» THE DATA
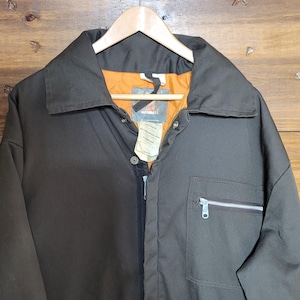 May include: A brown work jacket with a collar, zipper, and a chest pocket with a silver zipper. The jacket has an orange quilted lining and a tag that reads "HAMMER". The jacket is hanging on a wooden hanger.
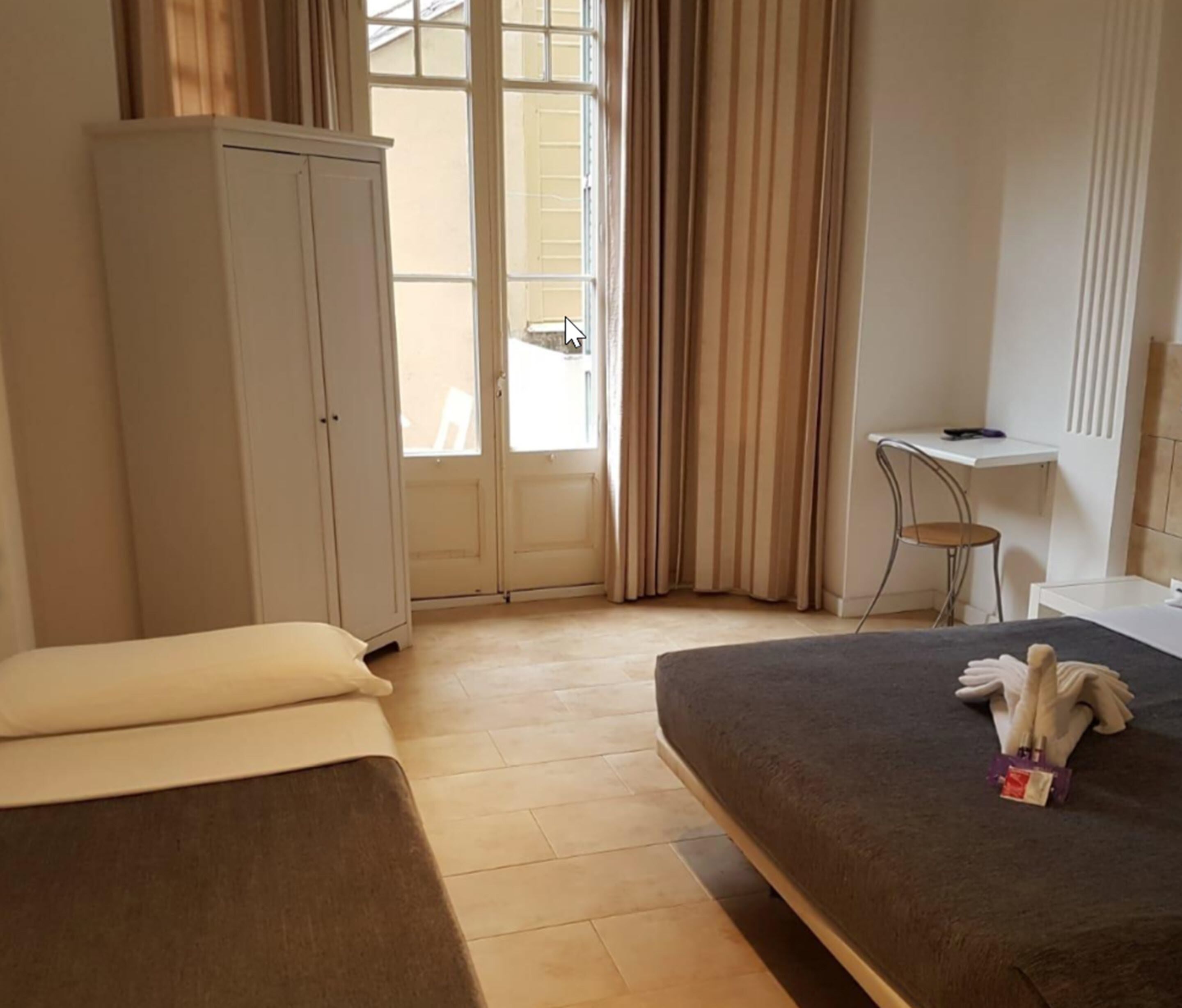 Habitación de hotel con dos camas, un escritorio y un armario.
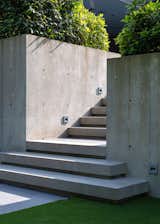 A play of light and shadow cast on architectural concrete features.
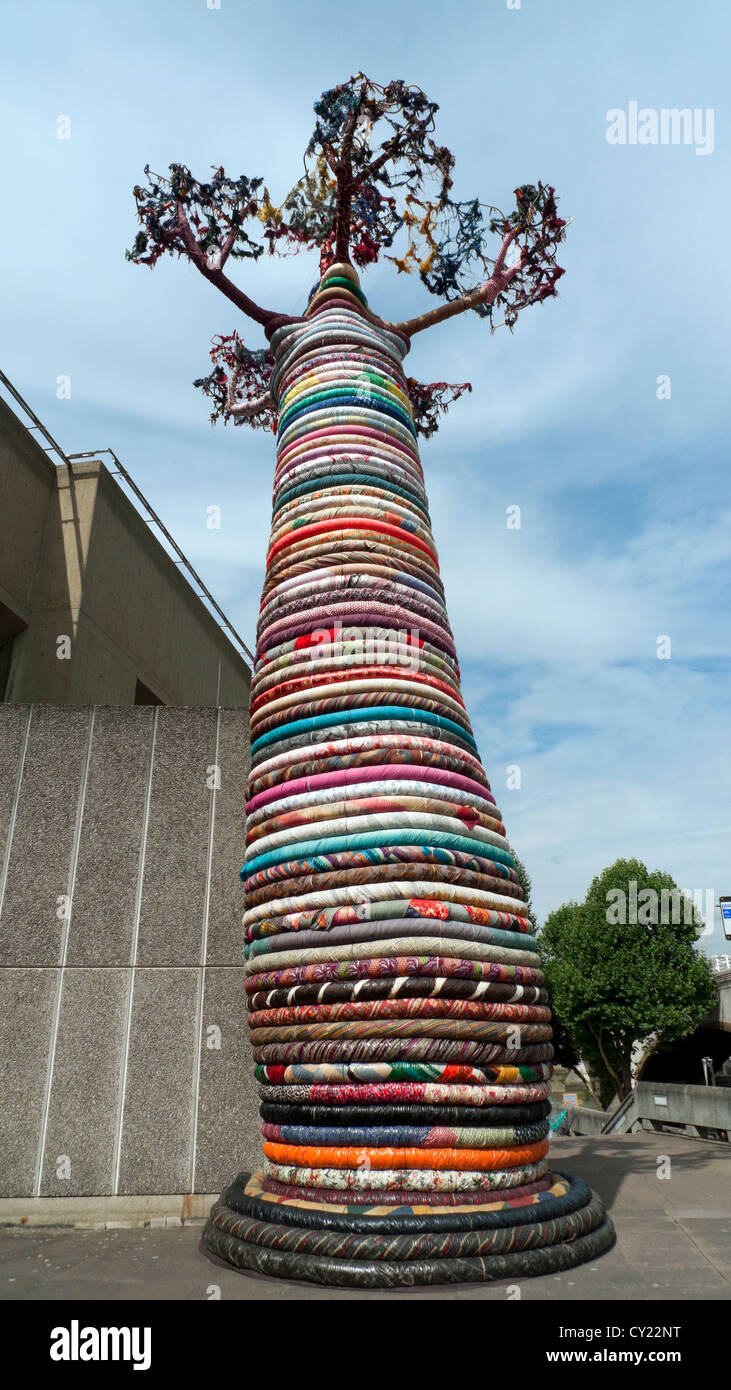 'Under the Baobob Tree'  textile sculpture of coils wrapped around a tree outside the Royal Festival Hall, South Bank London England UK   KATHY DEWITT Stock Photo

» PROBLEM
The answer is the whole listing above, written out verbatim, without its pictures.

» SOLUTION
 May include: A brown work jacket with a collar, zipper, and a chest pocket with a silver zipper. The jacket has an orange quilted lining and a tag that reads "HAMMER". The jacket is hanging on a wooden hanger.
 Habitación de hotel con dos camas, un escritorio y un armario.
 A play of light and shadow cast on architectural concrete features.
 'Under the Baobob Tree'  textile sculpture of coils wrapped around a tree outside the Royal Festival Hall, South Bank London England UK   KATHY DEWITT Stock Photo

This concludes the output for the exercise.